Однажды, когда мы вернулись после очередного «визита» в Орел, Штепенко сказал:
– Михаил Васильевич, а может быть, попросите разрешения летать и днем и ночью? Летали же мы с вами бомбить белофиннов среди бела дня, и все обошлось благополучно.
– Попробую… – согласился я.
При первом удобном случае я попросил разрешения на дневной боевой вылет.
– А вам что, жизнь надоела? – сказали мне.
– Насчет жизни трудно сказать, где мы больше ею рискуем: в дневном ли на большой высоте или в ночном полете, когда жизнь всего экипажа висит на кончике стрелки радиокомпаса.
– Наша часть создана для ночной работы.
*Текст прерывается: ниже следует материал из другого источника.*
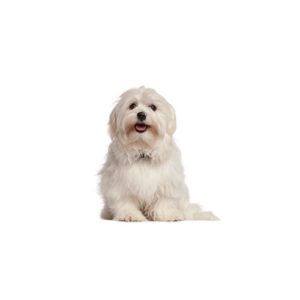 Popular Dog Breeds - My Next Puppy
Пока у немца еще большие преимущества, и мы не можем рисковать ни людьми, ни кораблями, – возразили мне.
– Ничего, попытка – не пытка, от истребителей отобьемся своими пушками. Чего их зря возить? А зенитка на большой высоте не попадет. Не выйдет – будем летать только ночью, а выйдет – будем работать и днем и ночью…
Через несколько дней командование выделило два самолета для опытного дневного бомбометания. Один корабль веду я, второй – Николаев. Со мной на головной машине штурманом летит Штепенко, а вторым пилотом – Пусэп.